6 more weeks. 42 days today.

I claim to have nothing to do. I have too much to do.

To get me there, I've been crafting a list of things I want to do this fall...it includes:
-starting a music writing/mp3 blog.
-finding spots to DJ in the big smoke.
-learning to run (for the first time in 13 years).
-buying, and riding a nice new bike.
-falling deeper in love, once we shake the stress off.
-feeling like a better Eli.
-make lists like this.


Chins up, friends.
Like this dude.

Wednesday, August 16, 2006

beware of lazr legs.

My brain is a bit tapped out. Shambalha hit me in the face like a nerf bat. A good, swift bonk to the head. I'll report on that later.

Photobucket - Video and Image Hosting
Linkgasm time.

Everything you ever needed, or wanted to be.

Do it with your hands.

Listen. Learn. Love.

Enjoy.
Ciao for now, friends.

ps: I found a place to live in Toronto! It's at St. Clair & Glenholme...anyone know the area? Check it! MUTHAFUCKIN CHALKBOARD WALL! (yallz have no idea how long I've wanted one of those.)


Tuesday, August 01, 2006

box of hair

It's kinda late. I can't sleep.

Tonight I went by an old house I used to live in, the current residents of which graciously allowed me to keep a corner of their basement as storage space when I moved out. I dragged out 7 fucking boxes. There are still 4 crates of records down there.

Leah, the kind and giving soul that she is, helped me unload them from her car onto the back deck of my apartment. A good chunk of my life, heaped into a half-dozen boxes. All my journals & other writing. Almost every photo I ever took, including two trips to Europe, funny things like my high school graduation photos, and my 'memory bag' (which is what it read on the outside), which contained my mortar board and well wishes from my classmates. I scanned over the faces of my graduating class and wondered where they all were, and what they were doing. I only know the fate of 8 or 10 at the most...seeing those pics took me back to an interesting time in my life, when I was meeting dozens of people who would later help me develop and shape the ideas I have and the person I am today. I was punk rock, or at least thought I was, and I can see through my stickers, pins and poster collection, that I was SERIOUS about music. I re-learn through reading notes & diaries and finding doodles that I was, at times, a shameless flirt, an asshole, a coward, a studious teenager, a drug addict, a sexually confused kid, an anti-socialite.

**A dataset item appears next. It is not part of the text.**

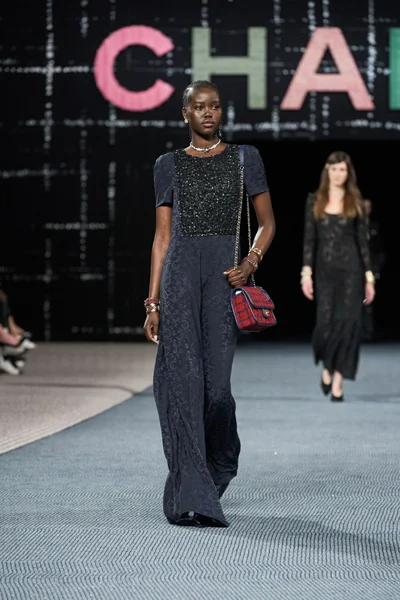 Look 67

They say hindsight is 20/20; I'm not sure I agree - it's funny (strange, not ha ha) to look back and see both how naive I was and how jaded I've become. I used to care; I used to not give a fuck. I used to think I had it all figured out. I'm here, 10 years later about to make the biggest leap of my life, and I'm feeling...confident as I take it.


It's a matter of shedding some skin. I combed through these boxes and found my sports cards from when I was 11. My bar mitzvah books. The birth of my interest in punk. The birth of my interest in electronic music. Flyers of parties I went to in clubs when I was underage. High diatribes recorded in journals, shaky handwriting n' all. In the end I dumped 2 full garbage bags, another full bag of tshirts for value village, and filled one BIG box with lots of smaller boxes. I never would have thought myself to be a packrat, but apparently I am, and a severe one at that. I'll keep that in mind when I move.



Look at that. Seeking the future through (re)discovering my past. It's funny the difference a day makes. Time for bed.